Played by Jessie Buckley, Moll is a young woman living on the island of Jersey who is constantly belittled by her upper-class family and those around her. Her mother Hilary (a gracefully sinister Geraldine James) alternates between calling her stupid and selfish and insisting that the two of them are best friends. Her brother berates her for not caring for their ailing father while he himself neglects his daughter, and her sister overshadows Moll at her own birthday party. Moll seems to be drifting through life with no real purpose or ambition beyond insisting that her job as a guide of the island’s bus tours is “only temporary”. It’s little wonder why she is immediately struck by the rough and unrefined stranger Pascal Renouf, a hunter and craftsman who works with his hands and seems utterly unconcerned with the difference in social status between him and Moll. Johnny Flynn as Pascal certainly makes for a compelling figure with his scarred face, lidded eyes, and one of the best character introductions I’ve seen all year – defending Moll from the unwanted advances of a man by firing his rifle into the ground without a word or change in expression. He’s even defined by his smell, a rare character element within film, as Hilary’s insult that she could “smell him a mile away” becomes a recurring trait that Moll uses to distinguish him from the others around her. The relationship that develops between the two seems to offer Moll an opportunity to break free of her family’s confines, but when Pascal becomes the leading suspect in a series of assaults and murders on the island Moll’s desire to stay with him is tested by the hostility she receives from the rest of the community and her own fears of what he may be capable of.

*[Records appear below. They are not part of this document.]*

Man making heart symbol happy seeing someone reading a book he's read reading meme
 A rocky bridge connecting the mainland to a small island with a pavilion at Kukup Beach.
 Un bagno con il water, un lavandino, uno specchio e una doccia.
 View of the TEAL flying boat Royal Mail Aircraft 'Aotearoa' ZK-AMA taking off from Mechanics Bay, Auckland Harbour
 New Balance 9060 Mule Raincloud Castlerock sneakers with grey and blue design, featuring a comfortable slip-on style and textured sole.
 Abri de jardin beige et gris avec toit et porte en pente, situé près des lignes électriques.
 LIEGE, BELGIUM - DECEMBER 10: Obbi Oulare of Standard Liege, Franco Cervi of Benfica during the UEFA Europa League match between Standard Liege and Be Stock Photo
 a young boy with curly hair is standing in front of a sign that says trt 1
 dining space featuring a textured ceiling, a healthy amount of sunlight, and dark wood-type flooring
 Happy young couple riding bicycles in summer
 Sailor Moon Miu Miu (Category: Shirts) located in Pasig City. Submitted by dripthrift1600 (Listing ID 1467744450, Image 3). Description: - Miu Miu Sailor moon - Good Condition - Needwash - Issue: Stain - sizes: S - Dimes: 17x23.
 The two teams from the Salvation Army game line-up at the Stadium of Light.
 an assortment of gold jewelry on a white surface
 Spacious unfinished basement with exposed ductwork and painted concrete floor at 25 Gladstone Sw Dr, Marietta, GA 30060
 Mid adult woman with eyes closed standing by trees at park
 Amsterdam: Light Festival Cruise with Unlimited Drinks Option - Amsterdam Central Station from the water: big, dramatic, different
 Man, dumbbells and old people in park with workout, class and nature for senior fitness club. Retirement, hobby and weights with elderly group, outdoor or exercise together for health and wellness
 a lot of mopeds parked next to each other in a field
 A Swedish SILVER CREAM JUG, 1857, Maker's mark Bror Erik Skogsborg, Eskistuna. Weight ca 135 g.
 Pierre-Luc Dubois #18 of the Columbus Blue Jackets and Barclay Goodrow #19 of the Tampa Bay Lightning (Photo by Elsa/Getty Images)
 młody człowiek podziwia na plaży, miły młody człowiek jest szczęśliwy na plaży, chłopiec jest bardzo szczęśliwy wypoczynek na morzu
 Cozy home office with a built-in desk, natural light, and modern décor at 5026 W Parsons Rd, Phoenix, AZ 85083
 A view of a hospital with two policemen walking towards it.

Beast is largely a character study of Moll and she’s one of the richest and most multifaceted protagonists I’ve seen in film for a long time. At the beginning of the film she seems like a quiet and innocent girl – singing in the church choir and wearing a pristine buttercup yellow dress at her birthday party – yet her desire to feel something real manifests through self-destructive actions such as deliberately grinding glass shards into her hand. The more we learn about her past the more we understand the darkness and rage within her that she struggles to resist. She constantly insists that she’s “a good person” but it’s as if she’s trying to convince herself each time she repeats it. It raises the question of what about Pascal she’s drawn to, as what first seems like love starts to resemble defiance or even a desire for danger. It’s a phenomenal role for Jessie Buckley and a career-making performance as she gives Moll fragility, determination, spirit, and something vaguely threatening. With so much of the story told through Moll’s perspective even when Pearce gives us an answer as to whether or not Pascal is guilty I remained unsure if it was the right one or just what Moll had decided was true, leading to an ending that I’m still trying to decide my own interpretation of.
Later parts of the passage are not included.